Ginny bent her knee and held one of the items up to her foot. “For children, perhaps?” She asked with a curious look on her face.
Draco shook his head and picked up a small, light green ball. “It must be one of those mad Muggle sports.”
Katie joined them, and Draco posed the burning question. “Do you know what this is?”
Katie smiled, rolling her eyes discreetly. “Honestly. Didn’t anyone take Muggle Studies?
The two others shook their heads. When Draco coughed, Ginny could’ve sworn that it sounded like ‘waste of time’.
“That,” Katie said, pointing to the thing in Ginny’s hand, “is a tennis racquet. You use it to hit the little green balls over the net.” She gestured to the patch of lawn.
Ginny peered at the ball in Draco’s hand, prodding it with her wand. “But the ball doesn’t do anything?”
“Nope. Not until you hit it with a racquet.”
“Really?” Ginny asked. “Mad.”
“Absolutely,” Draco agreed, dropping the ball onto the court with what may’ve been contempt.
“Yes,” Katie affirmed. “And I think there’s a lot of swearing involved too, from what I remember.”
Draco shook his head and dropped the ball. “Muggles.”
The three of them stood gazing at the rectangular piece of grass as Blaise, Pansy and Marcus came up to join them.
Blaise piped up. “Ooh, look. A tennis court.”

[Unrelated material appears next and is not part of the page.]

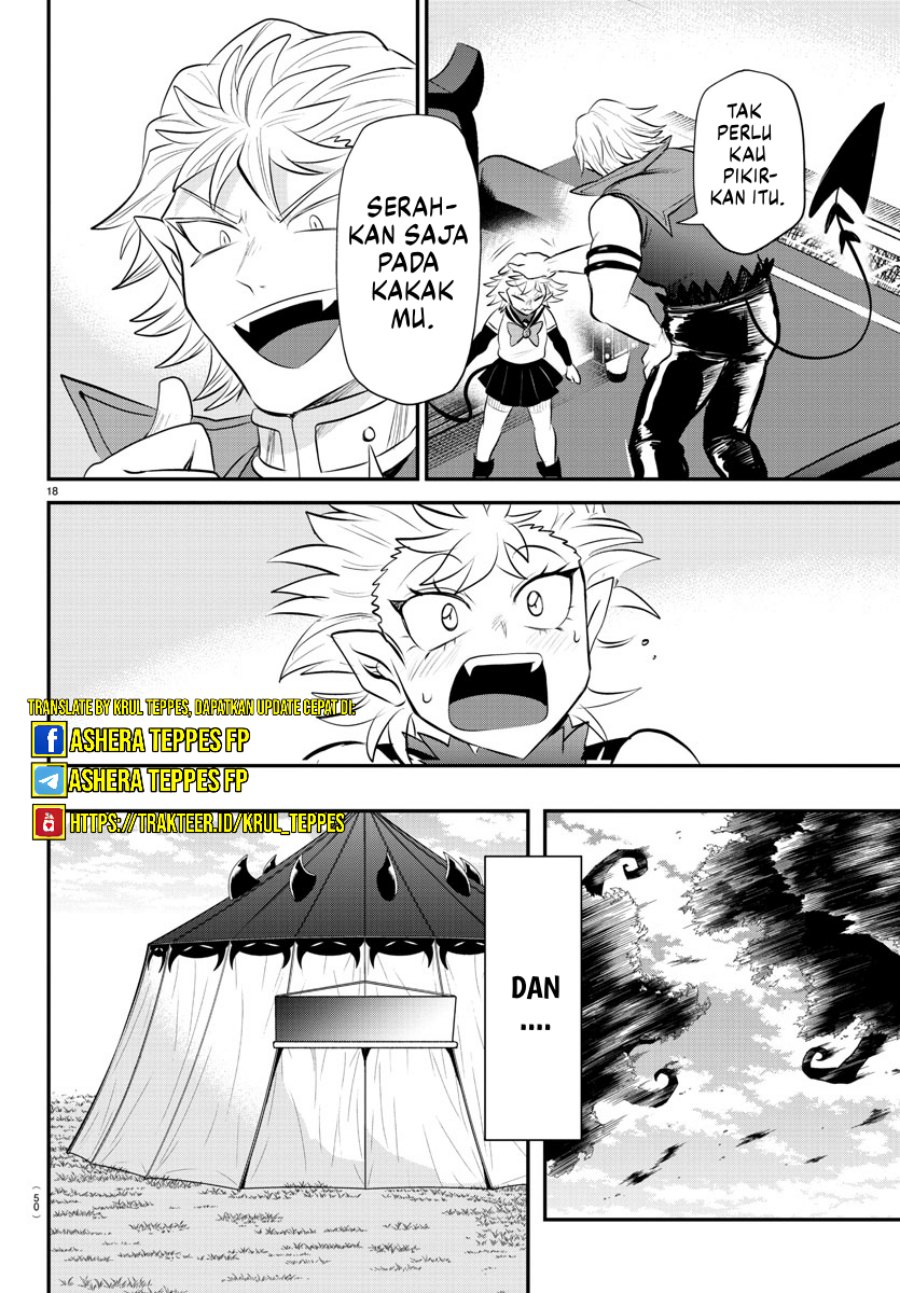 mairimashita-iruma-kun - Chapter: 341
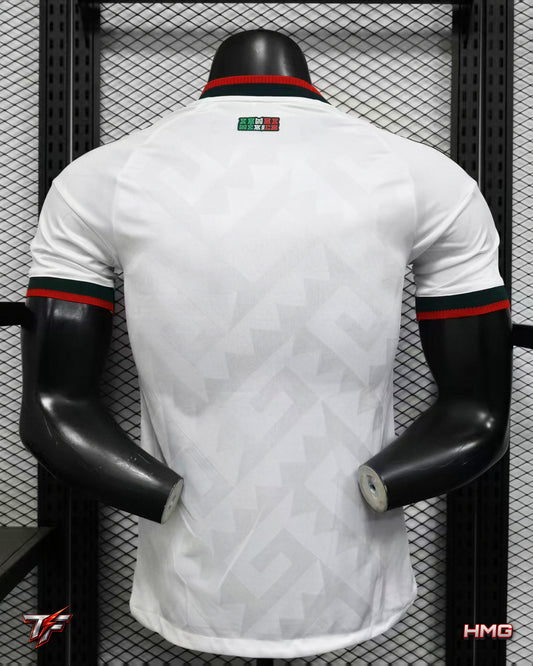 JERSEY MÉXICO VISITANTE – VERSIÓN JUGADOR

They all turned to look at him with unbelieving stares.
“Do I even want to know how you have this knowledge, Blaise?” Draco asked.
“Ali Hakim, Mother’s fourth husband, was obsessed with Muggle telly. I used to watch during summer vacation. This sport is just about the only thing on for about two weeks in June. The have some very fit Russian girls that play, you know.”
Ginny nodded. “Right.”
Draco started walking back towards the house, the others following. “Thank you for that fascinating dissertation, Blaise. Did you find anything useful in the house?”
“None of the paintings move. They all just sit there, totally frozen. It’s creepy.”
“Muggles,” Pansy said, shaking her head.
“Yeah,” agreed Marcus.
“Pansy?” asked Draco.
“They might be Muggles, but they had excellent taste in furniture. I got a Queen Anne secretary, a baroque vase - a little fussy, but still very nice. Also, a silver tea service, a Venetian Crystal chandelier, and there were a pair of matching Louis XIV armchairs, Draco…” she trailed off.
“Catalogue and tag it. Shrink it and get it ready for the Ministry,” he told her. Pansy pouted visibly. “Although,” he continued, “we could use another set of armchairs for the office…”
Pansy grinned and clapped her hands.
“So that’s why the office is furnished so nicely,” Ginny mused.
“Yes, well, call it a perk,” Draco said. “The Ministry doesn’t even provide us with coffee and tea. And since we are funding the war--”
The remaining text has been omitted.